■ **Activity**
Write out again, word for word, the lines below from the line that holds "AL license plate 48AA775" through the line that holds "WorldNorse Classic Double", omitting pictures.

■ **Extracted material**
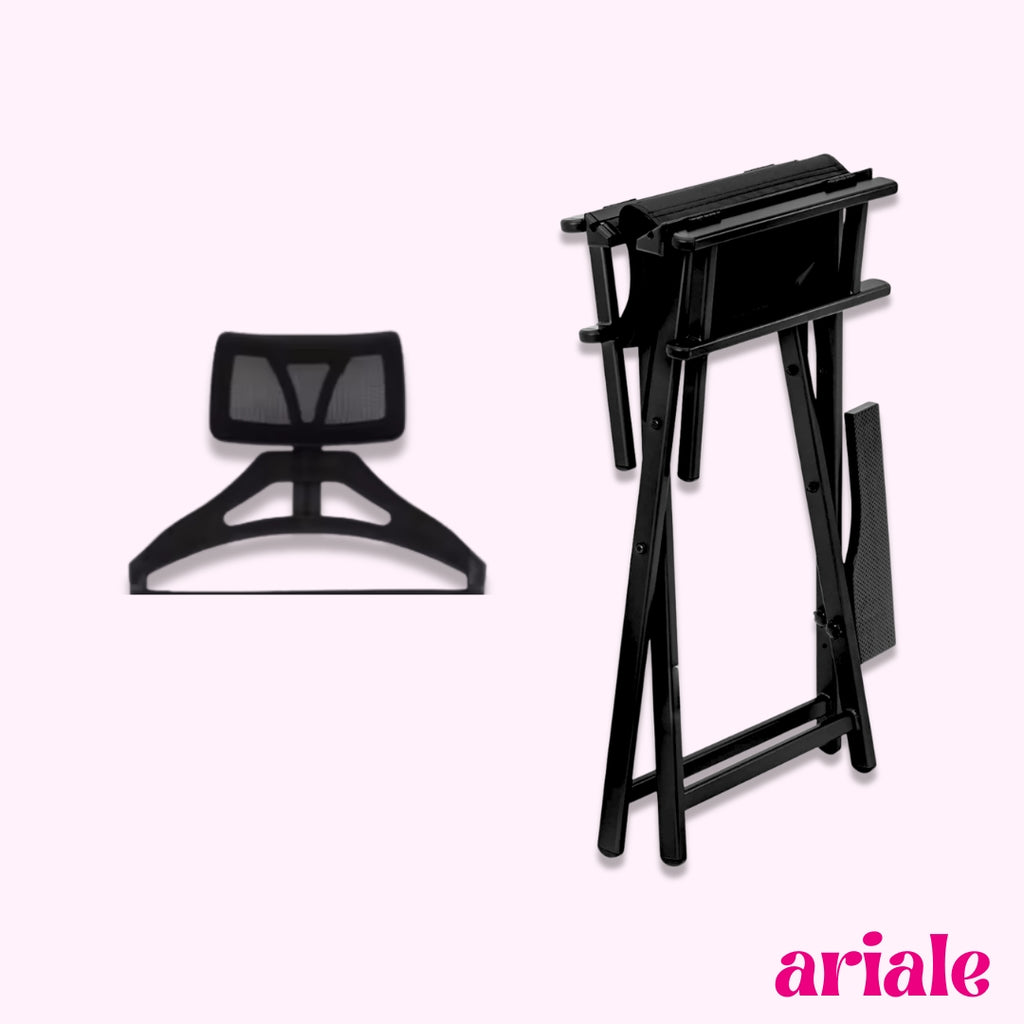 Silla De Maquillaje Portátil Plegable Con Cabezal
--
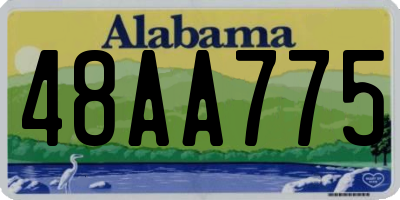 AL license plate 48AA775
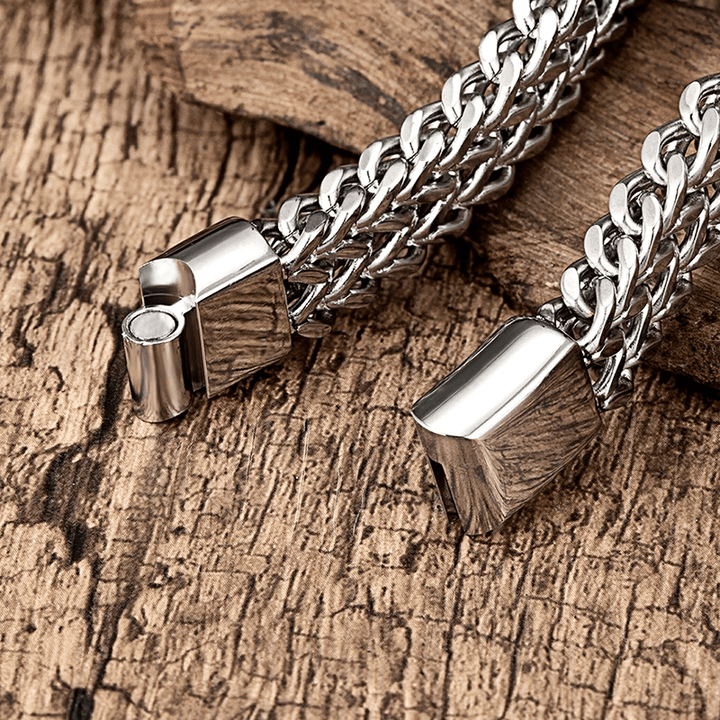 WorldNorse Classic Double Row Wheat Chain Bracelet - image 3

■ **Task response**
 AL license plate 48AA775
 WorldNorse Classic Double Row Wheat Chain Bracelet - image 3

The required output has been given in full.